WHAT IS NEEDED => The entries below are to be repeated exactly as they stand.

RECORDS SHOWN =>
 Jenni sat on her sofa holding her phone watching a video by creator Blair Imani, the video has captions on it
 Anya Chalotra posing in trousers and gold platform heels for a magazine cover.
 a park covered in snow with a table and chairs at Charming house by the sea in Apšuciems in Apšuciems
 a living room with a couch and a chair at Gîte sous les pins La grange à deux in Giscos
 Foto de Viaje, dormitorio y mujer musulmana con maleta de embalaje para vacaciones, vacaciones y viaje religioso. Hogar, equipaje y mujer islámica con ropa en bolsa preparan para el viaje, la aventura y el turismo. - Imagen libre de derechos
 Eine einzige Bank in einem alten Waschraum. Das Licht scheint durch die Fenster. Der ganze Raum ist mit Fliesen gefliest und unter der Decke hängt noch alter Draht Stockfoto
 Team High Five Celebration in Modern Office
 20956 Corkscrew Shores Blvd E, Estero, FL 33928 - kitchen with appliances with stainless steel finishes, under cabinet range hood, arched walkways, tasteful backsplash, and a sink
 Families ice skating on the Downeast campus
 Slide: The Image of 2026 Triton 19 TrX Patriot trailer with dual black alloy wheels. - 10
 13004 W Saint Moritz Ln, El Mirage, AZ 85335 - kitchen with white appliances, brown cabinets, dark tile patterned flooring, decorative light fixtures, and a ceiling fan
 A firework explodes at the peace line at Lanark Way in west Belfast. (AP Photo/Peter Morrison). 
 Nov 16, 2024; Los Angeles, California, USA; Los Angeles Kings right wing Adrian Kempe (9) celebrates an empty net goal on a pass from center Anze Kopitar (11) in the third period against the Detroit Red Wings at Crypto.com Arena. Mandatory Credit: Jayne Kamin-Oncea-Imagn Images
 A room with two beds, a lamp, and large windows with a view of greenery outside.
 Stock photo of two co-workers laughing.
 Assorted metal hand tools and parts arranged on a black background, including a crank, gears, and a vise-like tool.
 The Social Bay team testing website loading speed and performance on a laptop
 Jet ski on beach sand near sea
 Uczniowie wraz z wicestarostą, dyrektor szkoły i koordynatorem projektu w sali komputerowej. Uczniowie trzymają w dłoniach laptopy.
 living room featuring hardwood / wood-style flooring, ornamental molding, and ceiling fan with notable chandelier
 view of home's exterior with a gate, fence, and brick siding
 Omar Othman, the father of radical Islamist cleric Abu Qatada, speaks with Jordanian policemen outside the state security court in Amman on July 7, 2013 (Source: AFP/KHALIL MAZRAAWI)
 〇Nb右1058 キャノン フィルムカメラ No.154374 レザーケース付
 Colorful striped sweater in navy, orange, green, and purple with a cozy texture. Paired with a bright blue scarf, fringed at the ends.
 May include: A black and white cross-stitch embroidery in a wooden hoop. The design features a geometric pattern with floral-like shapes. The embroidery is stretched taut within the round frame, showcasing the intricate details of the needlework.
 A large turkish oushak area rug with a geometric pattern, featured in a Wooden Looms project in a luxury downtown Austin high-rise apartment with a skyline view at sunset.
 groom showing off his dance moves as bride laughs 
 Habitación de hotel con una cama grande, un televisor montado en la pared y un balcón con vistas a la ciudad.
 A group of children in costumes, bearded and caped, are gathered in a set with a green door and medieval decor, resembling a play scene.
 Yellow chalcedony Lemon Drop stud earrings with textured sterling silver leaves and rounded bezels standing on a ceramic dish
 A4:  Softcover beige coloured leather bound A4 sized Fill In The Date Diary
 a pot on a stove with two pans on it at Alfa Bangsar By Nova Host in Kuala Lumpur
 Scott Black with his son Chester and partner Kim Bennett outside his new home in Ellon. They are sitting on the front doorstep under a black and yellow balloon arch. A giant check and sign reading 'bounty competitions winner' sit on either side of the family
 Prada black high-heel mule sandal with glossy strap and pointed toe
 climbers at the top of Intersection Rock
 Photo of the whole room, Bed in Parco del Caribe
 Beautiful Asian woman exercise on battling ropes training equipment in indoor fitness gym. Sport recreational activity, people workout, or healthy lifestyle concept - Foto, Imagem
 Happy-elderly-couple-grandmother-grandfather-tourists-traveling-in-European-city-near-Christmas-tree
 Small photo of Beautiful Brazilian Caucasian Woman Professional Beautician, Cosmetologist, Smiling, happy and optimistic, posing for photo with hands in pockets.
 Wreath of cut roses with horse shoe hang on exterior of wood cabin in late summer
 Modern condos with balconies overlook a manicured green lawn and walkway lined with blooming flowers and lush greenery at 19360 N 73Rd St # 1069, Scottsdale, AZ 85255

EXERCISE SOLUTION =>
 Jenni sat on her sofa holding her phone watching a video by creator Blair Imani, the video has captions on it
 Anya Chalotra posing in trousers and gold platform heels for a magazine cover.
 a park covered in snow with a table and chairs at Charming house by the sea in Apšuciems in Apšuciems
 a living room with a couch and a chair at Gîte sous les pins La grange à deux in Giscos
 Foto de Viaje, dormitorio y mujer musulmana con maleta de embalaje para vacaciones, vacaciones y viaje religioso. Hogar, equipaje y mujer islámica con ropa en bolsa preparan para el viaje, la aventura y el turismo. - Imagen libre de derechos
 Eine einzige Bank in einem alten Waschraum. Das Licht scheint durch die Fenster. Der ganze Raum ist mit Fliesen gefliest und unter der Decke hängt noch alter Draht Stockfoto
 Team High Five Celebration in Modern Office
 20956 Corkscrew Shores Blvd E, Estero, FL 33928 - kitchen with appliances with stainless steel finishes, under cabinet range hood, arched walkways, tasteful backsplash, and a sink
 Families ice skating on the Downeast campus
 Slide: The Image of 2026 Triton 19 TrX Patriot trailer with dual black alloy wheels. - 10
 13004 W Saint Moritz Ln, El Mirage, AZ 85335 - kitchen with white appliances, brown cabinets, dark tile patterned flooring, decorative light fixtures, and a ceiling fan
 A firework explodes at the peace line at Lanark Way in west Belfast. (AP Photo/Peter Morrison). 
 Nov 16, 2024; Los Angeles, California, USA; Los Angeles Kings right wing Adrian Kempe (9) celebrates an empty net goal on a pass from center Anze Kopitar (11) in the third period against the Detroit Red Wings at Crypto.com Arena. Mandatory Credit: Jayne Kamin-Oncea-Imagn Images
 A room with two beds, a lamp, and large windows with a view of greenery outside.
 Stock photo of two co-workers laughing.
 Assorted metal hand tools and parts arranged on a black background, including a crank, gears, and a vise-like tool.
 The Social Bay team testing website loading speed and performance on a laptop
 Jet ski on beach sand near sea
 Uczniowie wraz z wicestarostą, dyrektor szkoły i koordynatorem projektu w sali komputerowej. Uczniowie trzymają w dłoniach laptopy.
 living room featuring hardwood / wood-style flooring, ornamental molding, and ceiling fan with notable chandelier
 view of home's exterior with a gate, fence, and brick siding
 Omar Othman, the father of radical Islamist cleric Abu Qatada, speaks with Jordanian policemen outside the state security court in Amman on July 7, 2013 (Source: AFP/KHALIL MAZRAAWI)
 〇Nb右1058 キャノン フィルムカメラ No.154374 レザーケース付
 Colorful striped sweater in navy, orange, green, and purple with a cozy texture. Paired with a bright blue scarf, fringed at the ends.
 May include: A black and white cross-stitch embroidery in a wooden hoop. The design features a geometric pattern with floral-like shapes. The embroidery is stretched taut within the round frame, showcasing the intricate details of the needlework.
 A large turkish oushak area rug with a geometric pattern, featured in a Wooden Looms project in a luxury downtown Austin high-rise apartment with a skyline view at sunset.
 groom showing off his dance moves as bride laughs 
 Habitación de hotel con una cama grande, un televisor montado en la pared y un balcón con vistas a la ciudad.
 A group of children in costumes, bearded and caped, are gathered in a set with a green door and medieval decor, resembling a play scene.
 Yellow chalcedony Lemon Drop stud earrings with textured sterling silver leaves and rounded bezels standing on a ceramic dish
 A4:  Softcover beige coloured leather bound A4 sized Fill In The Date Diary
 a pot on a stove with two pans on it at Alfa Bangsar By Nova Host in Kuala Lumpur
 Scott Black with his son Chester and partner Kim Bennett outside his new home in Ellon. They are sitting on the front doorstep under a black and yellow balloon arch. A giant check and sign reading 'bounty competitions winner' sit on either side of the family
 Prada black high-heel mule sandal with glossy strap and pointed toe
 climbers at the top of Intersection Rock
 Photo of the whole room, Bed in Parco del Caribe
 Beautiful Asian woman exercise on battling ropes training equipment in indoor fitness gym. Sport recreational activity, people workout, or healthy lifestyle concept - Foto, Imagem
 Happy-elderly-couple-grandmother-grandfather-tourists-traveling-in-European-city-near-Christmas-tree
 Small photo of Beautiful Brazilian Caucasian Woman Professional Beautician, Cosmetologist, Smiling, happy and optimistic, posing for photo with hands in pockets.
 Wreath of cut roses with horse shoe hang on exterior of wood cabin in late summer
 Modern condos with balconies overlook a manicured green lawn and walkway lined with blooming flowers and lush greenery at 19360 N 73Rd St # 1069, Scottsdale, AZ 85255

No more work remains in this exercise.